Mirror the existing object hierarchy (Connection owns Statement owns calls)
in the Activity tree by introducing two long-lived "lifetime" Activities:

DatabricksConnection.Lifetime (root)
├─ HiveServer2Connection.OpenAsync
├─ ApplyServerSidePropertiesAsync
├─ DatabricksStatement.Lifetime
│   ├─ HiveServer2Statement.ExecuteStatementAsync
│   ├─ ReadNextRecordBatchAsync × N
│   └─ DatabricksCompositeReader.Dispose
├─ DatabricksStatement.Lifetime  (next statement, same connection)
└─ HiveServer2Connection.DisposeClient

Existing per-call activities need no code change: StartActivity already
uses Activity.Current as the parent, and the lifetime Activities are on
the stack throughout the synchronous Database.Connect flow and all
subsequent operations.

Implementation choices

Static ActivitySource for the lifetime spans.

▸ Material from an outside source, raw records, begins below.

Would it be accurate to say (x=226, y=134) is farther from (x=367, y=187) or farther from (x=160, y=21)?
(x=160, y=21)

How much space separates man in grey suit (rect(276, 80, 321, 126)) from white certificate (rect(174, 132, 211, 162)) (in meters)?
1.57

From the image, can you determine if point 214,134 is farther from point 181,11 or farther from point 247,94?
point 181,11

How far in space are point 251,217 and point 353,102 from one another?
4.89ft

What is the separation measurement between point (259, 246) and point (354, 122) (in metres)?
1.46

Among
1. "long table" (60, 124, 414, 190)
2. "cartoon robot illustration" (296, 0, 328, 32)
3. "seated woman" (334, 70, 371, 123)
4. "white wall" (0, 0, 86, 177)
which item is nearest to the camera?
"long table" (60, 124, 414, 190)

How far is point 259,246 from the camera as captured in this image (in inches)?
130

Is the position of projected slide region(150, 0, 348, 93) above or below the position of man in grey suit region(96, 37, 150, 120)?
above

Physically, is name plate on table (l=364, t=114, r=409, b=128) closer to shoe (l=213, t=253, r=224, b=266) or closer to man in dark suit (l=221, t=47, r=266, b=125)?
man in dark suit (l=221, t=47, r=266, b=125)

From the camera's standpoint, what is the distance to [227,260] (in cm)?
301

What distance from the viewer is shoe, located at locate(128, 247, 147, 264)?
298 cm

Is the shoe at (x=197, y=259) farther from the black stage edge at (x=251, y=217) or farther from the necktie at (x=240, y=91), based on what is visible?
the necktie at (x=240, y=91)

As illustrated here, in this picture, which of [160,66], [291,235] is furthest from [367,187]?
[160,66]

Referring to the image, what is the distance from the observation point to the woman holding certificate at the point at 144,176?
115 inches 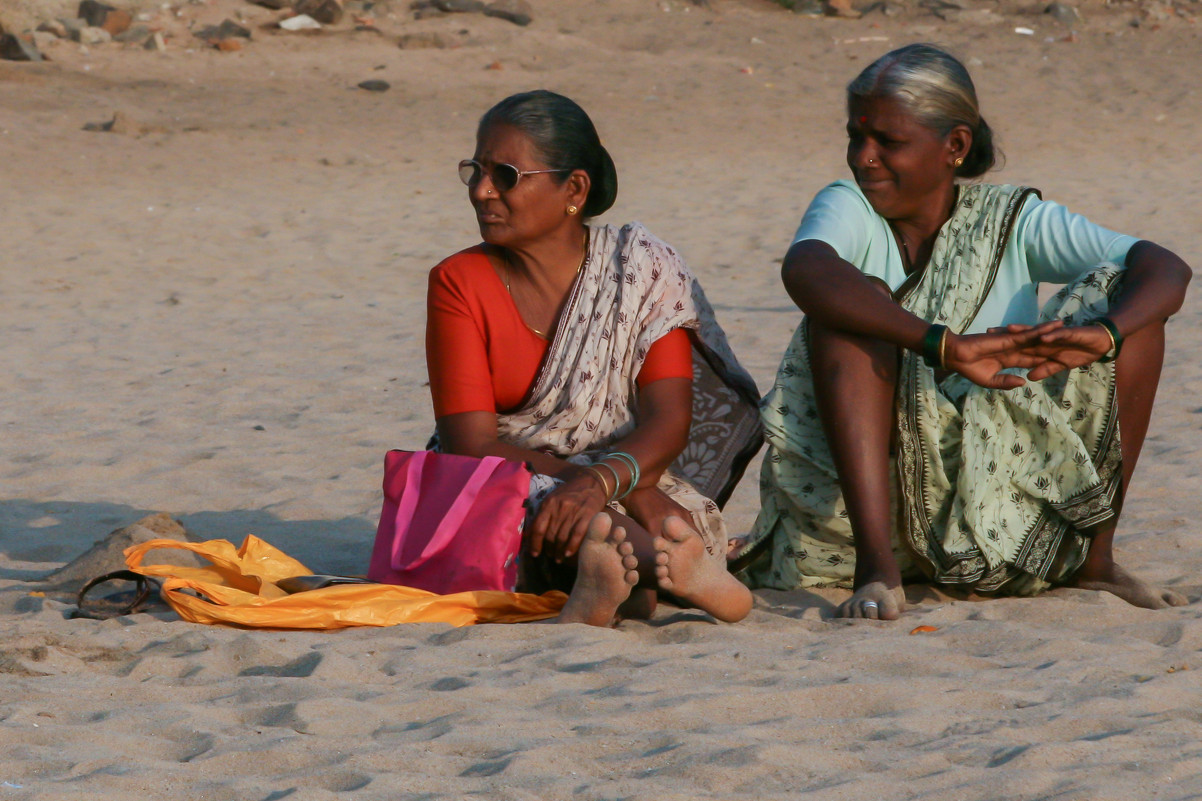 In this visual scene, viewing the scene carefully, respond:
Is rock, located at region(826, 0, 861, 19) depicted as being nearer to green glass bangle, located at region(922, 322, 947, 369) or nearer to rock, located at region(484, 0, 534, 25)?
rock, located at region(484, 0, 534, 25)

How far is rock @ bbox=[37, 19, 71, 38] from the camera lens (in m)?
15.4

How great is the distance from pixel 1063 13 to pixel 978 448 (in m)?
16.2

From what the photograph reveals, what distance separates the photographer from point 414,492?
10.8ft

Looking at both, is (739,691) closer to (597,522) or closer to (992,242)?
(597,522)

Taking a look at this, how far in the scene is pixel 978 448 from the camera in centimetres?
324

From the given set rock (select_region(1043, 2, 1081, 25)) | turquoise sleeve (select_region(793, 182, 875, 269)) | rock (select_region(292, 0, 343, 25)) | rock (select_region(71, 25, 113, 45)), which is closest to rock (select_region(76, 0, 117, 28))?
rock (select_region(71, 25, 113, 45))

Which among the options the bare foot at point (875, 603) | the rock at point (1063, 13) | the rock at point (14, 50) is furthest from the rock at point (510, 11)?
the bare foot at point (875, 603)

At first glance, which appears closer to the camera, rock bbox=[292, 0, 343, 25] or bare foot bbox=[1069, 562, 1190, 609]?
bare foot bbox=[1069, 562, 1190, 609]

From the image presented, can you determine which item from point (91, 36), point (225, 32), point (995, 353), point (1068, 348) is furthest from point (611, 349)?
point (91, 36)

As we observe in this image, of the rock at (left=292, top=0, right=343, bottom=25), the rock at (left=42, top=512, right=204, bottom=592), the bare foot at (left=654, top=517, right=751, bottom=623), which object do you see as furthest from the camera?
the rock at (left=292, top=0, right=343, bottom=25)

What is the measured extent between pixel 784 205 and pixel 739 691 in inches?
333

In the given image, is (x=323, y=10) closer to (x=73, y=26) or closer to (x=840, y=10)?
(x=73, y=26)

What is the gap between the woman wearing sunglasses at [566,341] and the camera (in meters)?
3.33

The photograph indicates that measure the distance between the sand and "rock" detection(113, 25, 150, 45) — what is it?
1.09 ft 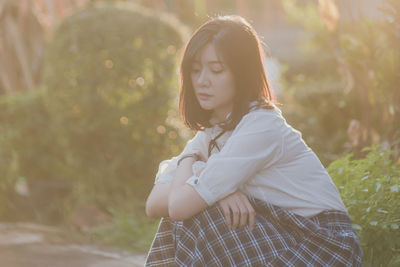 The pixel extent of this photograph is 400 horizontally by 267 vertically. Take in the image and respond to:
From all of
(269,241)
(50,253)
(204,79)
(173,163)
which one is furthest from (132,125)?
(269,241)

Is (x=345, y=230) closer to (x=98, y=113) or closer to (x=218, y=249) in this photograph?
(x=218, y=249)

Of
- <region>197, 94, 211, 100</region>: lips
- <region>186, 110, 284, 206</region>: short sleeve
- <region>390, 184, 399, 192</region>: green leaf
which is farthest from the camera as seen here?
<region>390, 184, 399, 192</region>: green leaf

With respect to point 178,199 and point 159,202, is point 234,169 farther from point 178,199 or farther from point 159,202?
point 159,202

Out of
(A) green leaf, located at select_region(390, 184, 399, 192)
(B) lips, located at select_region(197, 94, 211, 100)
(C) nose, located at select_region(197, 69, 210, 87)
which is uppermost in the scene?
(C) nose, located at select_region(197, 69, 210, 87)

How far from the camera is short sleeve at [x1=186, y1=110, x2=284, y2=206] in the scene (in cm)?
206

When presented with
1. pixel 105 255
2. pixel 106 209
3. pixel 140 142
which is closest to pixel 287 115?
pixel 140 142

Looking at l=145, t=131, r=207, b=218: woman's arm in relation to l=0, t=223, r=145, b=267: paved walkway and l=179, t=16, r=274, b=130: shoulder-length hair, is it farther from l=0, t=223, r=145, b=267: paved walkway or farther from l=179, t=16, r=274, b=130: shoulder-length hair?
l=0, t=223, r=145, b=267: paved walkway

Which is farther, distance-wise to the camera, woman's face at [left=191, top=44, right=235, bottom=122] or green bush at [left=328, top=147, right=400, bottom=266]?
green bush at [left=328, top=147, right=400, bottom=266]

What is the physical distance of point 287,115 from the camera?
20.2ft

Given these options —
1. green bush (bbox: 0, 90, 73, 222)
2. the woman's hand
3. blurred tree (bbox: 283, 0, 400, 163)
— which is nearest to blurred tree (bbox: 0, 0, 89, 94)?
green bush (bbox: 0, 90, 73, 222)

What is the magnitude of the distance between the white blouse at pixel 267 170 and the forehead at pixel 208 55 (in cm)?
24

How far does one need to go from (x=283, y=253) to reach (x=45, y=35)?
687 cm

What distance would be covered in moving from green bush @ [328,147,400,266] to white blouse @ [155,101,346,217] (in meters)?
0.56

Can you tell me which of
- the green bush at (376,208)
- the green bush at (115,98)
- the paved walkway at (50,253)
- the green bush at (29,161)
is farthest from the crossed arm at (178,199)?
the green bush at (29,161)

The per-instance
ActivitySource held by ActivityTrace is disposed inside
TracingConnection.Dispose before DatabricksConnection.Dispose returns;
listeners stop receiving notifications once the source is disposed. A
process-wide static readonly source survives connection disposal and keeps
notifying listeners. (This was caught by the failing test — first attempt
used the per-instance source and the ConnectionLifetime Stop() silently
dropped.)

Explicit parent context for Statement → Connection.
Activity.Current is AsyncLocal-scoped. If CreateStatement runs on a
different async continuation than where the connection was opened, naïve
reliance on Activity.Current would not see the connection's Lifetime.
DatabricksStatement therefore passes connection.LifetimeActivity?.Context
explicitly to StartActivity, making parenting robust regardless of async
context.

Stop order matters. ConnectionLifetime is stopped after base.Dispose
runs DisposeClient + emits DELETE_SESSION telemetry, so those tail spans
chain underneath the lifetime root. Statement lifetime is stopped after
base.Dispose runs the CLOSE_STATEMENT telemetry. Both Stop() calls are
idempotent via a _lifetimeActivityStopped guard.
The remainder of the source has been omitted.